We are finding differences of up to 0.1 mag in some of the photometric calibrations of the disk and bulge fields with respect to 2MASS, which are not surprising. We note that eventually in these regions the VVV would be better calibrated and more homogeneous than 2MASS, because "The 2MASS Survey has no Level 1 Specifications in the Galactic Plane with regard to completeness, reliability, and photometric accuracy".

We would like to issue proper warnings about the specific version v1.1 released. For example, the data of this first release are well calibrated nightly and agree with 2MASS by design (in the cases that it does not we suspect that 2MASS is the problem). In addition, 2MASS and VVV should not exactly agree because filter profiles are different, and the transforms for this v1.1 are provided below.

Looking at the zeropoints, we include the J, H and Ks tiles in the release that are within 0.1 mag of the average (after correcting for the seasonal trend with time). However, the Z and Y calibrations are still imperfect, with their ZPs showing more scatter and in some cases 0.1 mag below the trends. The full global quality checks must wait for the future releases where we can use the overlap regions for every tile, and use sql searches to pick the regions with strange color-magnitude diagrams. Internally the photometry has enough counts to guarantee small scattering errors (~0.01 mag), but the external calibration in ZY is much more uncertain.

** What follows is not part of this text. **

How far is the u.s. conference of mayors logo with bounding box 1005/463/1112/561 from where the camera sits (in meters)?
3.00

Note that even though the photometric and astrometric calibration is all done relative to 2MASS, with greater uncertainty in the Z and Y bands, the accuracy of these calibrations are field dependent (e.g. more uncertain in more crowded fields). In addition, the limiting magnitude achieved is different depending on the fields, and a deeper photometry could be achieved using other photometric techniques.

As an independent check, the photometry in overlapping regions of some tiles has been compared. These tests have confirmed that the 2MASS-based calibration strategy generally works well, and that the CASU photometry is accurate down to the limiting magnitudes for all filters, with larger scatter in the ZY filters.

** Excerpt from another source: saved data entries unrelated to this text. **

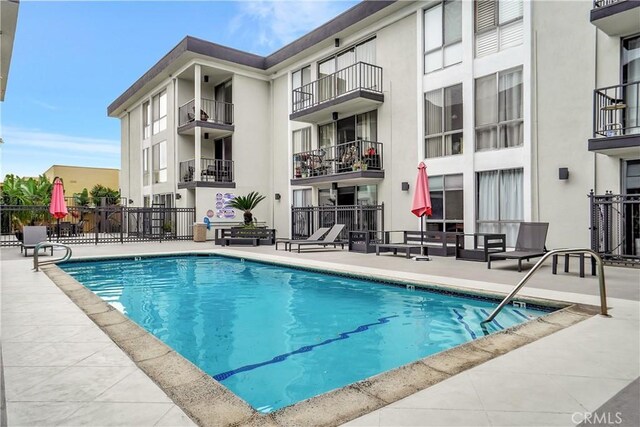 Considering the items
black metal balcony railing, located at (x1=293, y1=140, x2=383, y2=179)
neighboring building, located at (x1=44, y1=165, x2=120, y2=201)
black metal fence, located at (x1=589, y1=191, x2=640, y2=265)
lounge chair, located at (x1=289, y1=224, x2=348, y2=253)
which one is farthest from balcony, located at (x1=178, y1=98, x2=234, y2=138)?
neighboring building, located at (x1=44, y1=165, x2=120, y2=201)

The VVV saturation limit is typically Ks = 10 mag, but in high density fields like the in the Galactic center region it can be Ks=11 mag. For brighter magnitudes the 2MASS photometry should be preferred. The photometric limit is typically Ks=17.5, but in high density fields like the in the Galactic center region it can be Ks<16 mag (see FITS header keywords like ABMAGLIM, ABMAGSAT, etc). We note that PHOTZPERR=0.01 for most tiles, and this is due to the large number of calibrators (stddev/sqrt(N)) so it reflects internal consistency rather than accuracy. More realistic estimates of external errors will be provided in future releases when the complete data are available.

The photometric catalogues of this first Data Release contain calibrated aperture photometry, and the limiting magnitudes correspond to the aperture photometry. For some specific scientific purposes it would be more convenient to obtain psf photometry, or differential image photometry on the processed paw-print images, which can give better and deeper photometry in the most crowded regions.

The photometric calibration with respect to 2MASS includes an empirically derived extinction term in the transformation equations. While the details are available at CASU, we summarize the procedure below.

CASU has derived photometric transformation equations that are valid for blue dwarf stars with 0<(J-Ks)<1 and zero extinction. These define the VISTA/VIRCAM Vega-based photometric system. There is no set of equations that converts 2MASS magnitudes to VISTA magnitudes for stars in VVV because most stars have a significant but unknown amount of reddening due to interstellar extinction. Extinction cannot be corrected for unless the spectral type is known. Also, a large fraction of  VVV sources are giant stars, which are not covered by the existing CASU transformations.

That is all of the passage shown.